:: Work task ::
Please transcribe the data below in full. Omit any picture you find in it.

:: Collected data ::
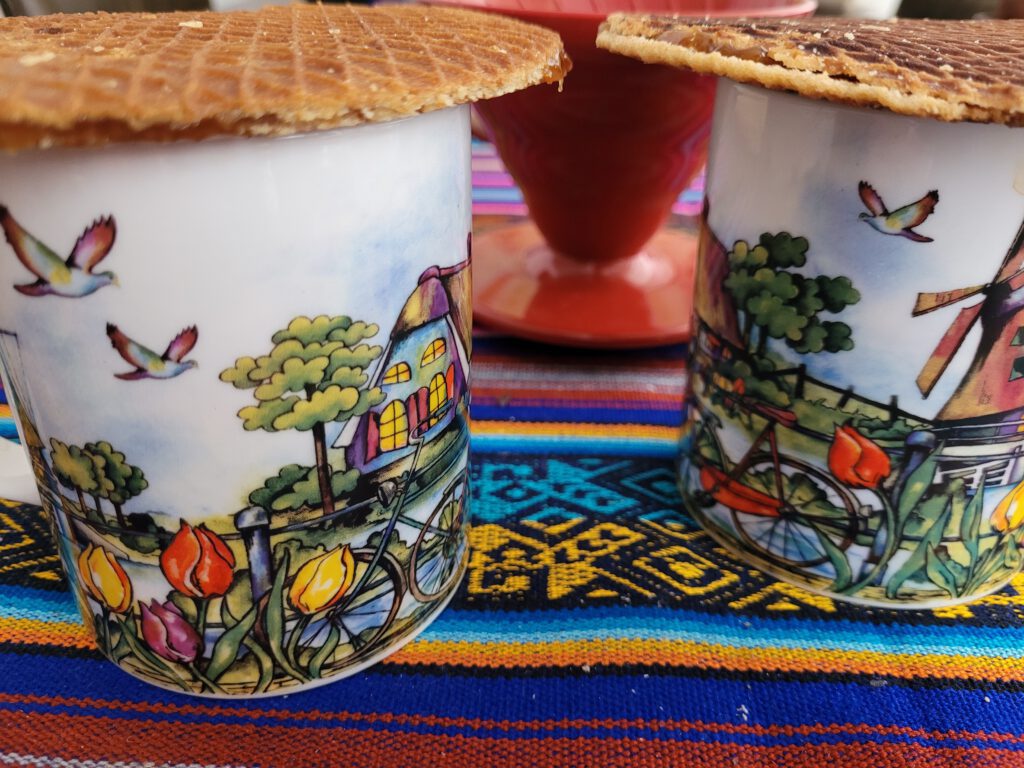 Stroopwafels em uma xícara de café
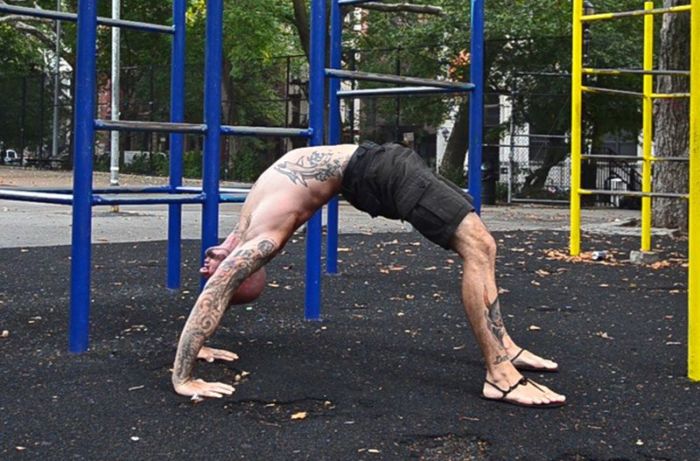 мостик упражнение мужчины мостик упражнение мужчины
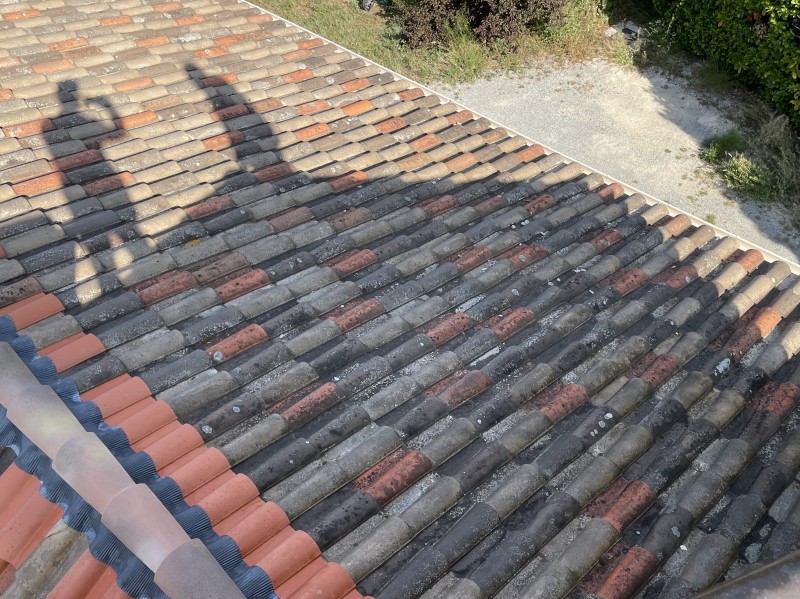 Démoussage et traitement d’une toiture type mécanique sur Mimet 13105 près de Gardanne 13120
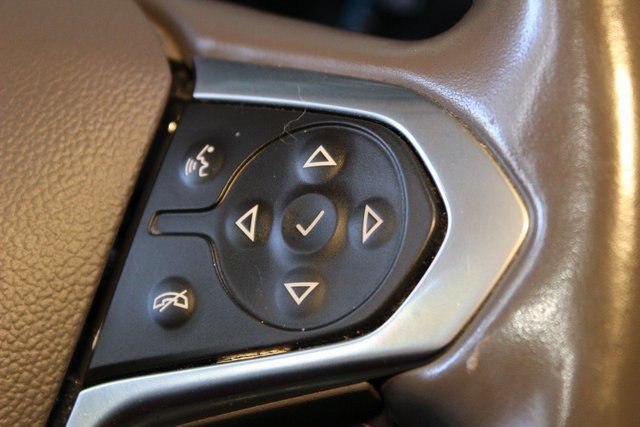 Used 2021 Chevrolet Traverse LT FWD image 22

:: Worked solution ::
 Stroopwafels em uma xícara de café
 мостик упражнение мужчины мостик упражнение мужчины
 Démoussage et traitement d’une toiture type mécanique sur Mimet 13105 près de Gardanne 13120
 Used 2021 Chevrolet Traverse LT FWD image 22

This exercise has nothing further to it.